加川は「教訓I」で、こういった教育勅語的な考えからの逃避と反発を歌っているわけだが、「国のために命をも含んだすべてを奉仕せよ」という全体主義やマッチョイズム的価値観への憎しみは他の曲でも登場し、同時期に発表された「できることなら」という楽曲ではこのような歌詞が歌われている。
〈他人を信じちゃいけませんよ 祖国を愛するなんて信じるなんて 泣かないうちにおやめなさい できればあなた自身も信じぬように 女々しく女々しく暮らしましょうよね〉
加川良は社会派フォークシンガー一本槍の人ではなく、アングラフォークのブームの後は、もっと自身の生活に寄り添った歌やラブソングなどを歌うようになり、「教訓I」もコンサートで歌わなくなっていく。しかし、だんだんとその考えは変わっていった。なぜなら、「国のためなら個人の思いは踏みにじってもかまわない」という価値観は時が経ても変わらず、「教訓I」の伝えるメッセージは残念なことに新鮮なままだったからだ。「アサヒグラフ」1989年5月26日号に収録されたインタビューではこのように語っている。
「『教訓I』? もう必要ないんやないかって、十年くらい歌わなかった時もありましたけど、今すごい新鮮な歌です。平和そうやけどこのままでええんやろうか、原発のことも含めて今みんな疑問を持ち始めてるのと違いますか」
その思いは21世紀に入ってからも変わらない。小泉政権がイラク戦争に自衛隊を派遣した際には、その動きに反対する集会が各地で行われ、加川もそういった場所で「教訓I」を歌ったことがあった。「週刊金曜日」2004年6月11日号のインタビューで加川はこのように答えている。

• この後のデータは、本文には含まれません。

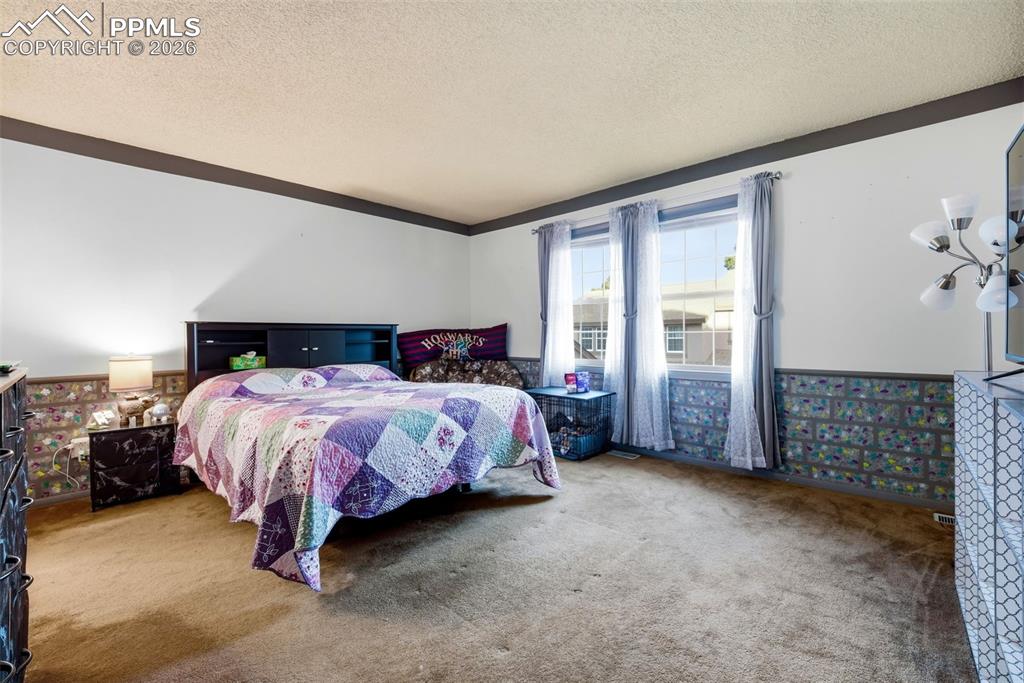 Image 15 of 36: Bedroom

「自分の歌も、フォークソングと呼ばれようが、歌謡曲と呼ばれようが、結局は僕の音楽なんです。かつて作ったから古くさく、新しいから新鮮に歌えるなんてことはない。ライブでも毎回、そのときに新鮮に歌える曲を選んでいます。「教訓I」もどんな時期に歌ってもいいと思っているだけです。僕らが歌い出したころと、そんなに世の中は変わっていないし、僕らもそんなに変われるものではないですよ」
結局、「教訓I」は発表されてからいまにいたるまで一度も古びることはなかった。いや、むしろ、いまの時代にこそ「教訓I」で歌われている言葉は強く響くのではないだろうか。原発事故で故郷を奪われた人々の心は踏みにじられ続ける一方で、国家的行事の東京オリンピックには湯水のように税金が投入される。また、政権とそれを支持する人々からの「愛国」の強要はかまびすしく、あろうことか首相は自衛隊のことを「我が軍」とまで呼び出し、いつ死者が出てもおかしくなかった南スーダンへの自衛隊派遣も、数々のインチキを押し通して強行してきたのはご存知の通り。「御国のため」なら命の一つや二つ失われても何の心も痛まないということの証左だろう。